▶ [What you are asked to do]
What you return must be every line from the beginning of the data through the line holding "brother in law", unchanged.

▶ [Given entries]

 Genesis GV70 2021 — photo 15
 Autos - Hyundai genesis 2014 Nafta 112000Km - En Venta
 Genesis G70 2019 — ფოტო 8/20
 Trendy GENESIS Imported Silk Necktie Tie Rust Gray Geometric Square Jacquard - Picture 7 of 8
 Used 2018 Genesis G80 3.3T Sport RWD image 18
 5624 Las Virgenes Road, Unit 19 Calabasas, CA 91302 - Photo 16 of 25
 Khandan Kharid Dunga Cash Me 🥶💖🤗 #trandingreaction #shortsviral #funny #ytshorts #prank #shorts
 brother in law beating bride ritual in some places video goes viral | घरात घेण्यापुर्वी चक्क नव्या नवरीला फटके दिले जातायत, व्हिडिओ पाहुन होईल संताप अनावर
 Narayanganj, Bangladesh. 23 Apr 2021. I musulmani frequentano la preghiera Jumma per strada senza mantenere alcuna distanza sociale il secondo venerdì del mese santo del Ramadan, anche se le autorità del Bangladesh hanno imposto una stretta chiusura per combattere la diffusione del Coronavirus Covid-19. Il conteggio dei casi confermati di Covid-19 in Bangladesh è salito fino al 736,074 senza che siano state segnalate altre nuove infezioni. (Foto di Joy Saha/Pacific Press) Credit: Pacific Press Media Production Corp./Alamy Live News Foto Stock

▶ [Response box]
 Genesis GV70 2021 — photo 15
 Autos - Hyundai genesis 2014 Nafta 112000Km - En Venta
 Genesis G70 2019 — ფოტო 8/20
 Trendy GENESIS Imported Silk Necktie Tie Rust Gray Geometric Square Jacquard - Picture 7 of 8
 Used 2018 Genesis G80 3.3T Sport RWD image 18
 5624 Las Virgenes Road, Unit 19 Calabasas, CA 91302 - Photo 16 of 25
 Khandan Kharid Dunga Cash Me 🥶💖🤗 #trandingreaction #shortsviral #funny #ytshorts #prank #shorts
 brother in law beating bride ritual in some places video goes viral | घरात घेण्यापुर्वी चक्क नव्या नवरीला फटके दिले जातायत, व्हिडिओ पाहुन होईल संताप अनावर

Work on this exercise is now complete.